Yet Ishihara do not explicitly teach a second battery that supplies electric power to a drive motor of the vehicle;
controlling the communication terminal into the standby state while charging the first battery with the second battery.
However, in the same field of endeavor, Yashiro teaches acquiring a second remaining battery charge level that is a remaining charge level of a second battery that supplies electric power to a drive motor of the vehicle (Yashiro: Fig. 1 Element 5A; Para 33 “a plug-in hybrid vehicle (PHV) equipped with a main battery (a battery for running) chargeable via a general power source (100 V source) provided outside the vehicle, such as a household wall socket. Devices installed in the vehicle (in-vehicle devices) include the main battery, which is a high-voltage source, an auxiliary battery that is charged from the main battery, and an auxiliary-battery charger that charges the auxiliary battery”; Para 70 “The communication unit 4 a receives information on the remote control by the smartphone 3, sends this information to the vehicle ECU 21 and the in-vehicle charge ECU 22, and also sends information including the charge state of the main battery 5A and the control state of the vehicle ECU 21 to the smartphone 3 so as to carry out wireless communication control”);
controlling the communication terminal into the standby state (Yashiro: Para 11 “a wireless communication device in the vehicle is always in a communication standby mode and is ready to receive transmission from a smartphone or any other devices at all times”) while charging the first battery with the second battery(Yashiro: Para 64 “The auxiliary battery 5B can be charged from the main battery 5A or can be charged from an external source in a manner similar to the main battery 5A”).

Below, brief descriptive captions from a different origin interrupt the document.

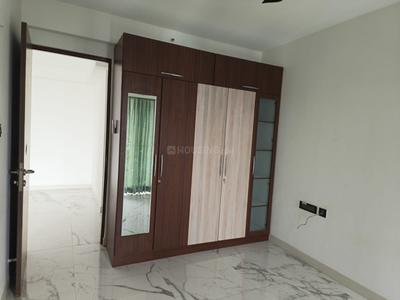 Bedroom Image of 2416 Sq.ft 4 BHK Apartment / Flat for sale in Tower Of Adyar, Adyar Chennai for Rs. 49000000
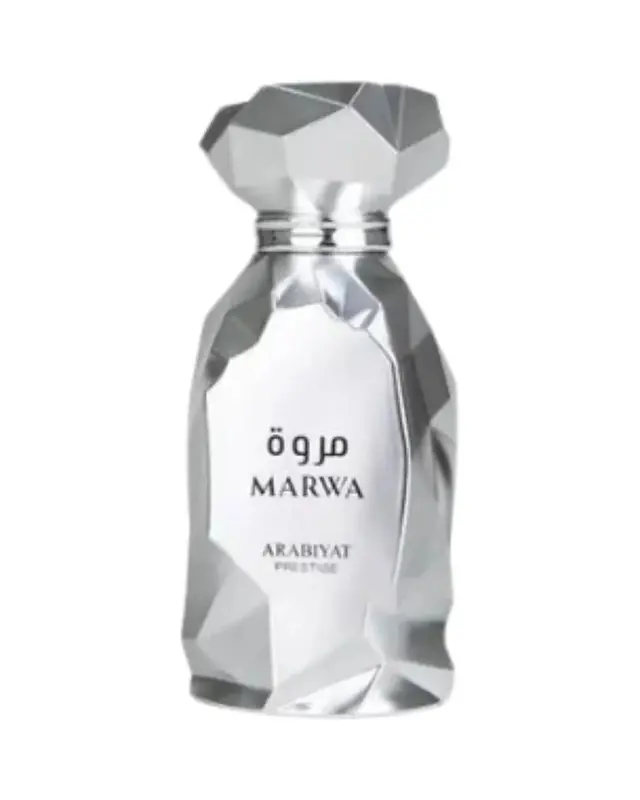 Arabiyat Prestige Marwa 100 ml bottle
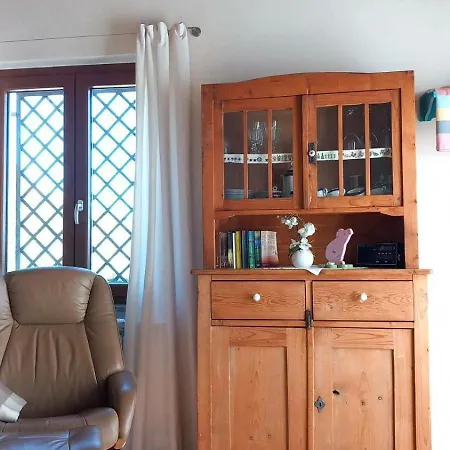 Casa Lucarella * Castelmola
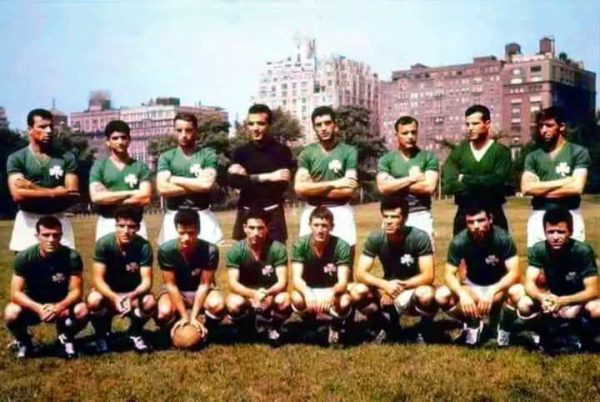 Σαν σήμερα το 1962-Πρωταθλητής Ελλάδας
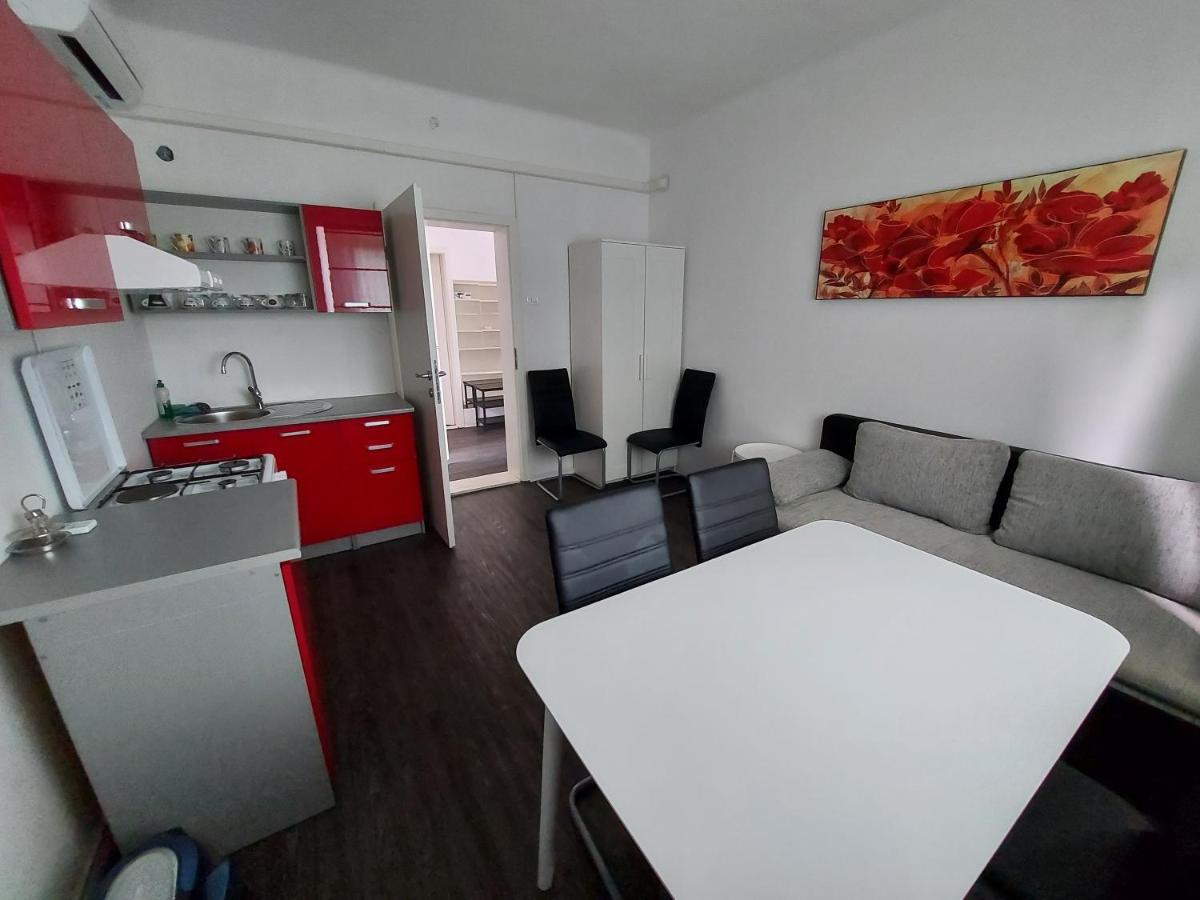 Hotel Bio Koper Dış mekan fotoğraf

Therefore, it would have been obvious to one of ordinary skill in the art before the effective filing date of the claimed invention, to modify the information processing device of Ishihara with the feature of acquiring a second remaining battery charge level that is a remaining charge level of a second battery that supplies electric power to a drive motor of the vehicle; controlling the communication terminal into the standby state while charging the first battery with the second battery disclosed by Yashiro. One would be motivated to do so for the benefit of “prevents the auxiliary battery from running out” (Yashiro: Para 24).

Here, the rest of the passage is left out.